Pour le budget 2015 la nouvelle majorité municipale a dû freiner très fort les dépenses pour que la baisse de l’épargne brute et de l’épargne nette ne soit pas supérieure à la baisse des dotations, sinon la ligne de la limite légale (voir graphique) aurait été franchie.

Fin 2015 la limite légale (financement des amortissements) a été atteinte et il était absolument nécessaire qu’en 2016 les économies dans les dépenses soient à la hauteur du montant de la baisse des dotations de l’Etat. Heureusement quelques augmentations imprévues de recettes et une baisse très forte des dépenses vont permettre de respecter cette limite légale.

Sans ces freinages immédiats et importants, la mise sous tutelle par l’Etat apparaissait comme inéluctable.

2) La nécessité de changer de logique : un plan de sauvegarde pour 2017 et 2018

La diminution de l’épargne brute détériore la capacité de désendettement (rapport entre le stock de la dette et l’épargne brute mesurée en années). La capacité de désendettement dépasse aujourd’hui les 13 ans, ce qui est une zone considérée comme dangereuse. Cette situation peut rendre plus difficile l’accès aux crédits dans de bonnes conditions dans les années à venir et renchérir les emprunts bancaires. Il faut rapidement revenir à moins de 10 ans de capacité de désendettement, soit augmenter au moins à 25 M€ l’épargne brute.

L’épargne nette négative signifie qu’on est obligé de mobiliser les recettes propres d’investissement au-delà de l’épargne brute pour rembourser la dette. Cela peut se faire par exemple en vendant du patrimoine. Une diminution importante du niveau d’investissement est donc nécessaire si on n’augmente pas la dette, augmentation dangereuse compte tenu de la deuxième règle de légalité du budget. Il faut donc rapidement revenir à une épargne nette nulle, puis positive

Quelle est l’ampleur de l’effort ? Dans le budget 2016, l’épargne nette est de – 7,7 M€. La baisse annoncée des dotations de l’Etat était de 6 M€ pour 2017. Il fallait donc absorber un choc de l’ordre de 14 M€ (7,7 + 6) à partir de 2017 pour espérer aller vers une épargne nette à peu près nulle. Depuis, le gouvernement a annoncé que la baisse pour 2017 ne serait plus que de la moitié pour Grenoble, soit 3 M€ ce qui pouvait laisser laissait espérer un effort un peu moindre. Dans le même temps, le gouvernement a imposé (ce qui était une bonne chose) une amélioration des salaires et des carrières des agents territoriaux, mais sans compensation de l’Etat (ce qui est encore un mauvais coup), soit 3,2 M€ de charge supplémentaire pour Grenoble en année pleine. Ainsi on se retrouve dans la même configuration à savoir trouver vite 14 M€ d’économies. Tout cela n’était bien évidemment pas connu au moment de l’élection municipale de mars 2014.

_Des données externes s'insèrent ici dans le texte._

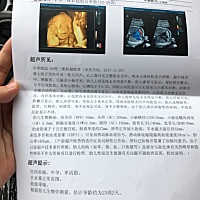 求看男女求看男女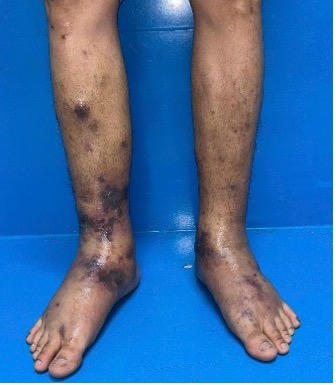 Nam thanh niên mắc bệnh cực hiếm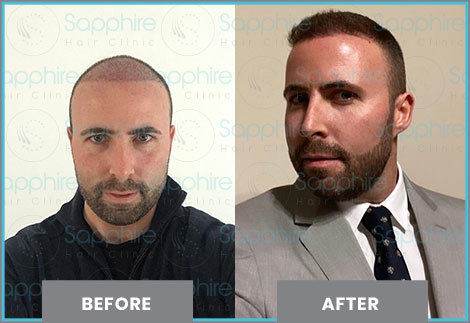 Before and After Hair Transplant Turkey - AEK Hair Clinic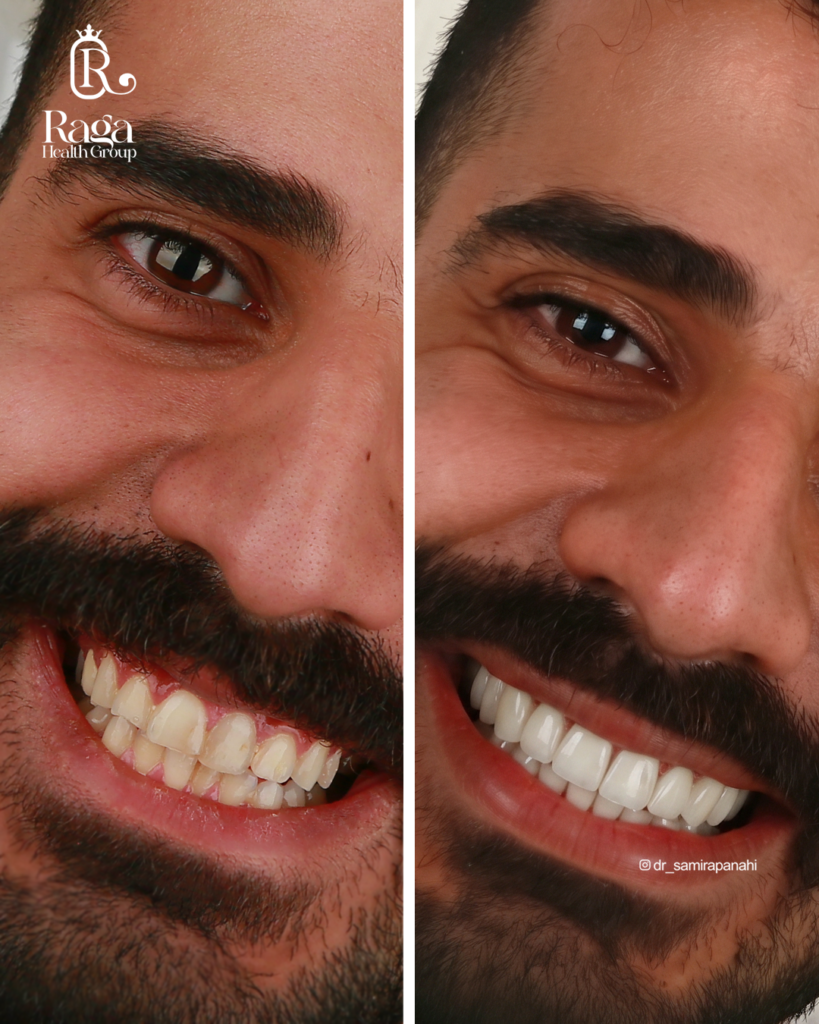 نمونه کار لبخند راگا 31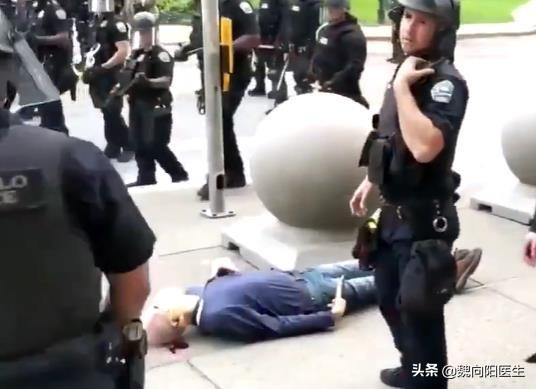 后脑勺着地有什么后果,后脑勺着地死亡率高吗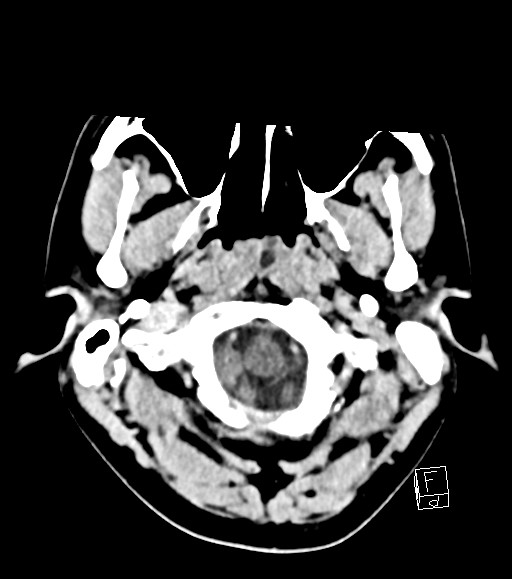 Cerebral metastases - testicular choriocarcinoma (Radiopaedia 84486-99855 Axial C+ delayed 50).jpg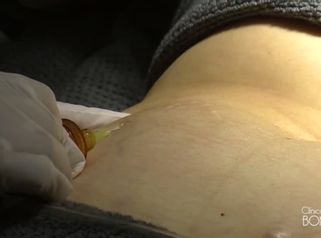 Carboxiterapia para combatir las estrías y la celulitis
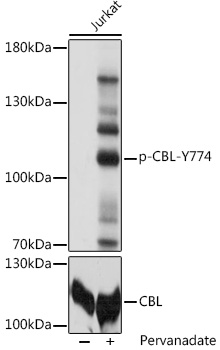 Anti-Phospho-CBL-Y774 pAb (CABP0794)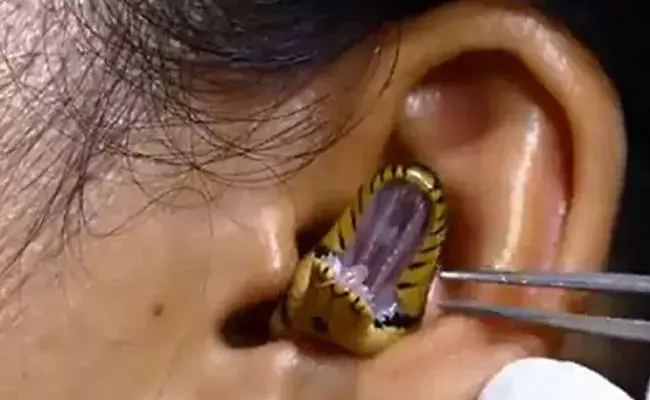 Viral Video: చెవిలో దూరిన పాము.. ఈ వీడియో చూడాలంటే చాలా ధైర్యం కావాలి..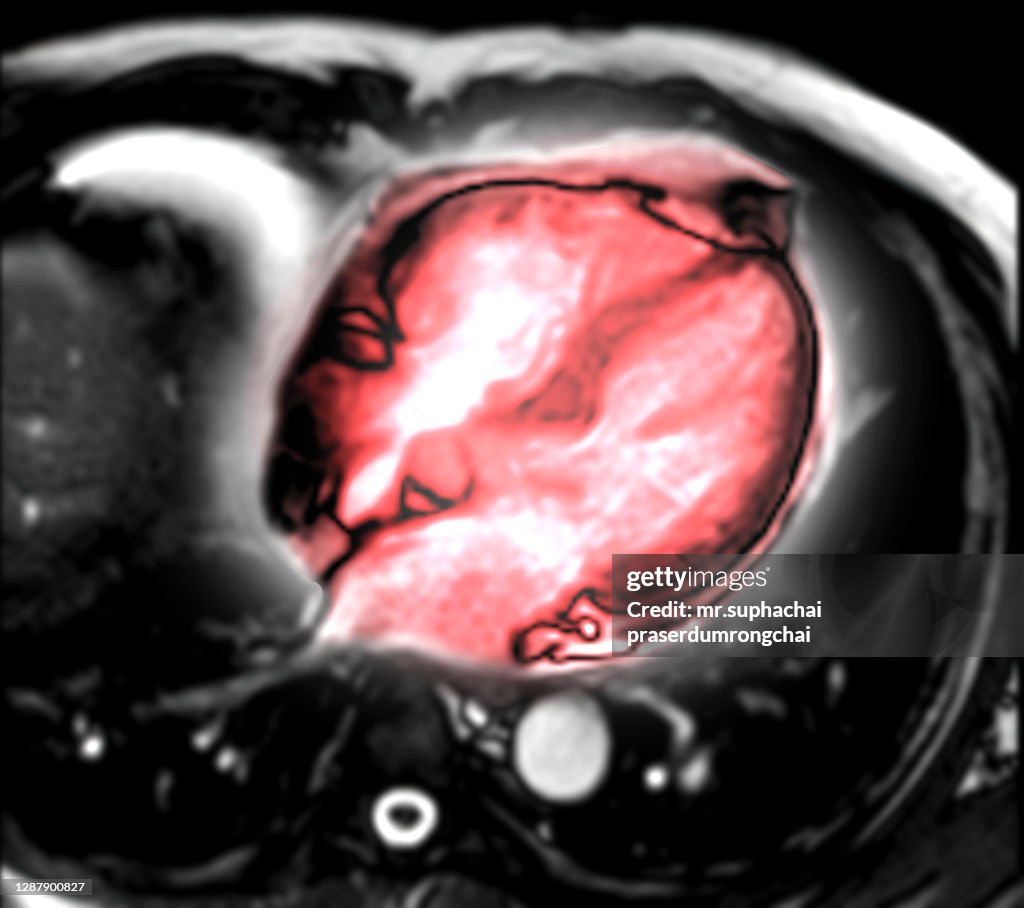 MRI heart or Cardiac MRI .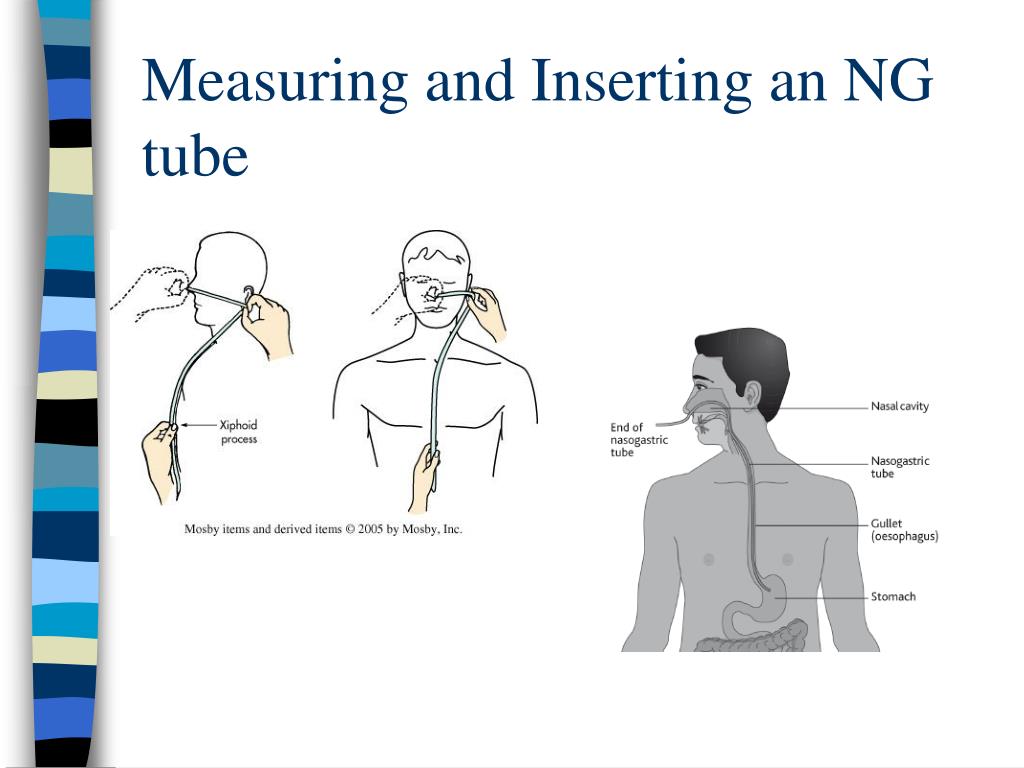 Ppt Nasogastric And Gastrointestinal Intubations Powerpoint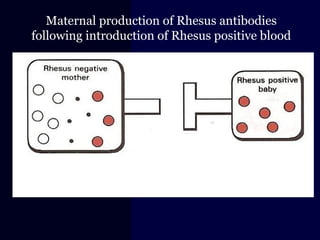 Maternal production of Rhesus antibodies
following introduction of Rhesus positive blood
 
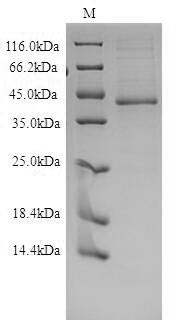 Recombinant Human Endothelin B Receptor (EDNRB) Protein (His), Active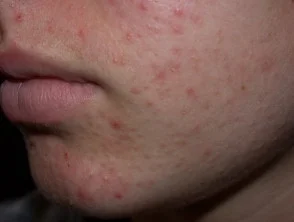 acne in het gezicht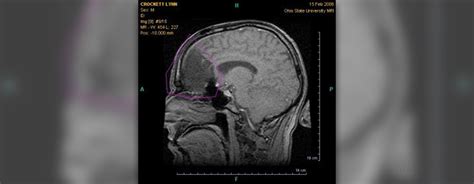 Side effects of mri scan | General center | SteadyHealth.com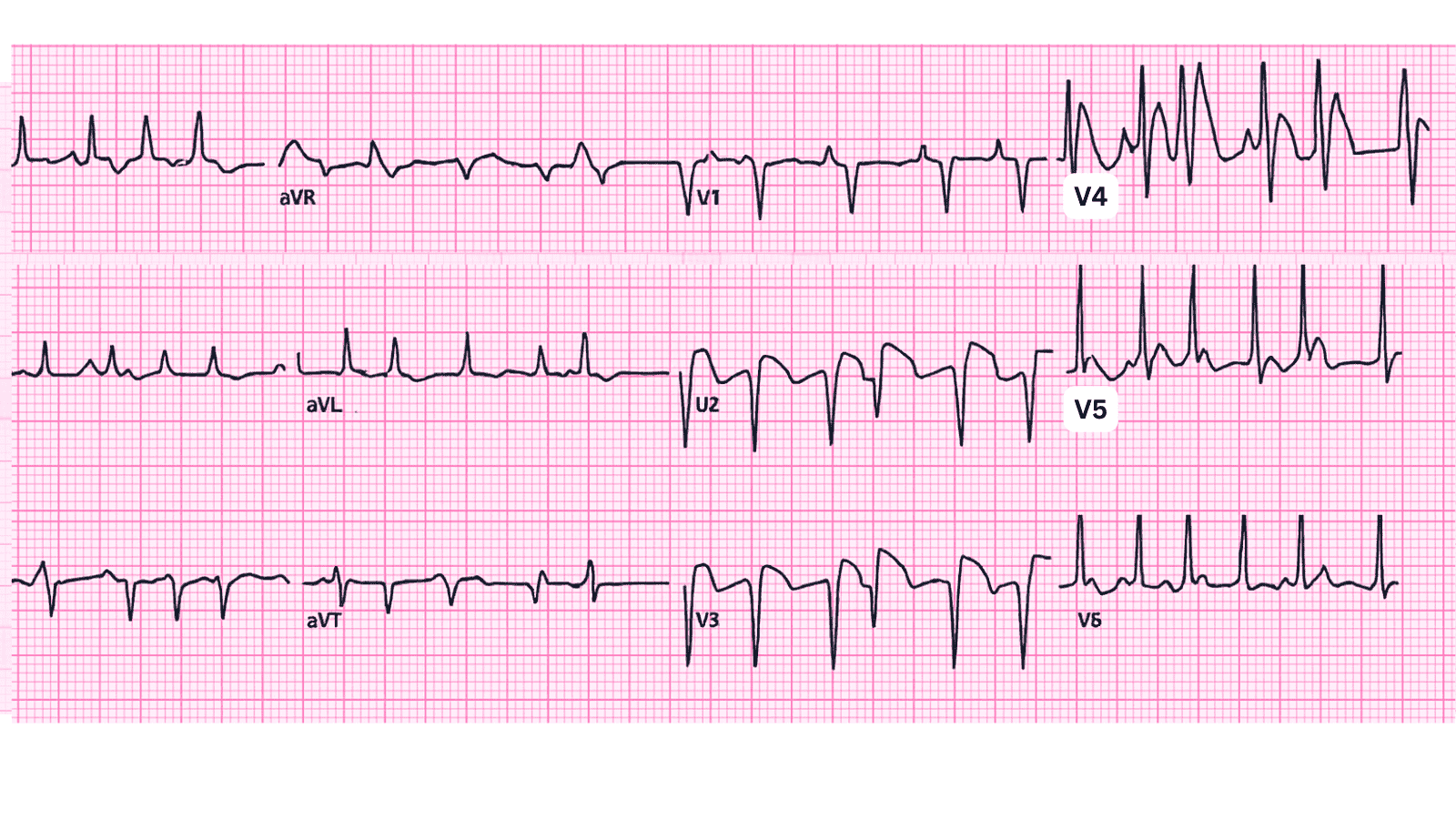 Atrial Fibrillation with Rapid Ventricular Response (RVR): Advanced ECG Recognition and Emergency Management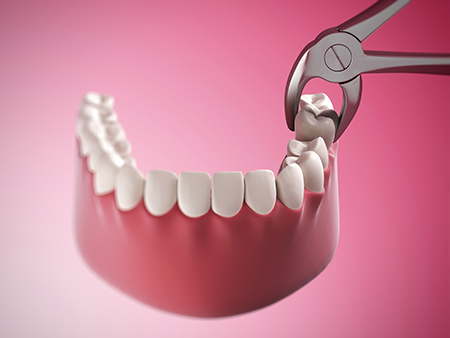 The image shows a close-up view of a dental implant being placed into a tooth socket using a pair of precision pliers.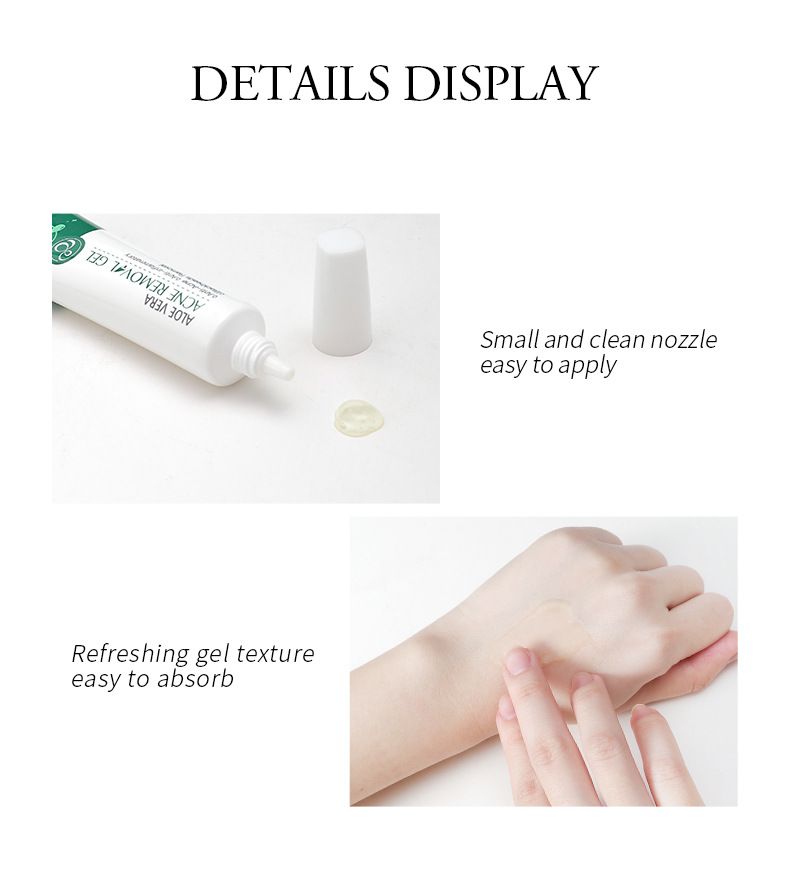 Trattamenti e maschere Crema anti-acne all'aloe vera 20 g Prodotti idratanti per la cura della pelle Confezione in inglese_voghion.com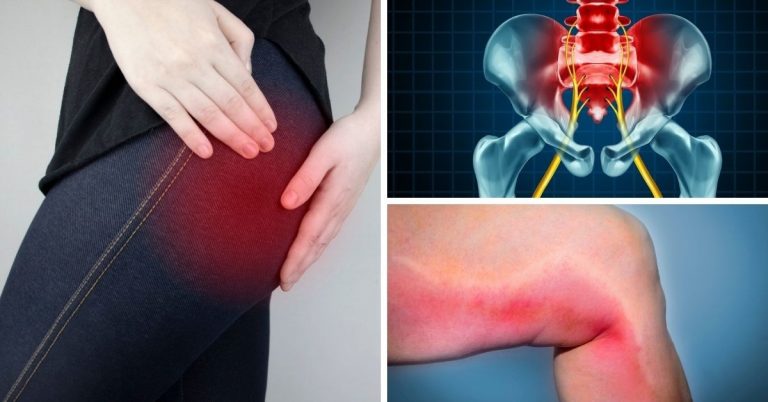 Qué es la falsa ciática
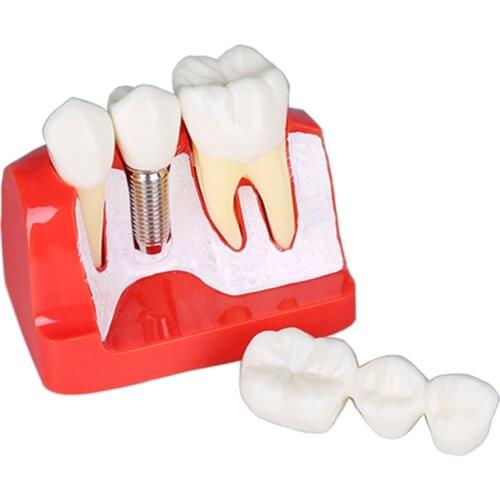 Dental Implant Teeth Model with screw Detachable 4 Times Teeth Model Magnet Implant Analysis Crown Bridge Dental Teaching model
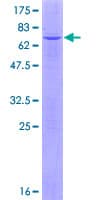 Human PLB1 Protein (Recombinant GST)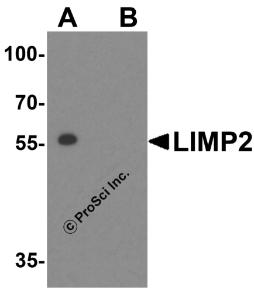 Western blot analysis of LIMP2 in human skeletal muscle tissue lysate with LIMP2 antibody at 1 &#956;g/mL in (A) the absence and (B) presence of blocking peptide.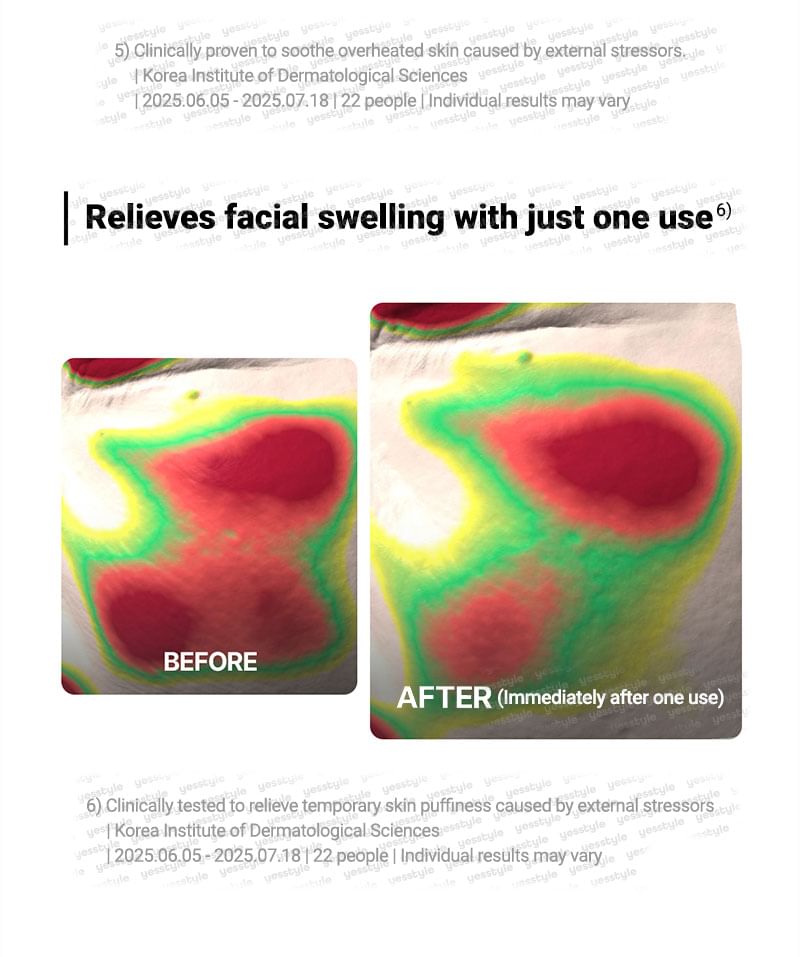 Centellian24 - Expert Madeca Cream Active Renew PDRN - Gallery 14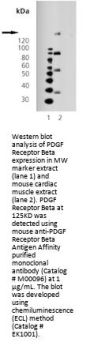 Anti-PDGF Receptor Beta PDGFRB Antibody (Monoclonal, 42G12)
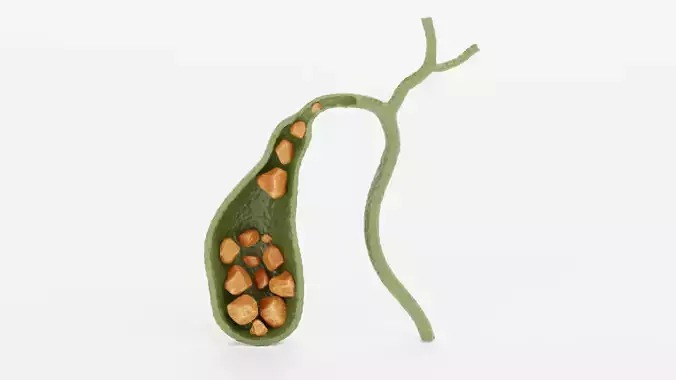 Gallbladder Section with Gallstones - Realistic Human Anatomy 3D model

La majorité municipale a décidé de ne pas augmenter les taux des impôts, suivant l’engagement qu’elle avait pris devant les électeurs en 2014. Conséquence : il faut donc trouver ces 14 M€ par des économies du côté des dépenses de fonctionnement.

Quoi qu’il en soit, il est impossible, en une année, de réduire ces dépenses d’un montant de 14 M€, d’où le plan de sauvegarde annoncé sur 2 ans, et en supposant qu’à partir de 2018 les dotations de l’Etat cesseront de diminuer.

Une alternative à la baisse des dépenses ou une mesure intermédiaire à cette baisse serait possible : mettre au débat public des scénarios avec arbitrage entre baisse des dépenses et hausse des impôts locaux. On peut douter qu’une majorité de Grenobloises et de Grenoblois soit en faveur d’une hausse des impôts locaux (injustes et très élevés) mais face à la baisse obligée de certaines dépenses certains pourraient défendre un tel compromis ? A l’heure où tout le monde parle de démocratie et de budget participatif, voilà un objet de débat parfaitement opportun et à la hauteur des enjeux.

Pour développer les actions de solidarité de proximité, peut-être faut-il solliciter les habitants de la commune comme l’ont fait certaines collectivités locales à s’impliquer plus et bénévolement dans la fourniture de biens et services publics retrouvant ainsi ce qui a été le fondement de la commune originelle. Pourquoi pas une telle implication citoyenne comme elle existe dans le milieu associatif ?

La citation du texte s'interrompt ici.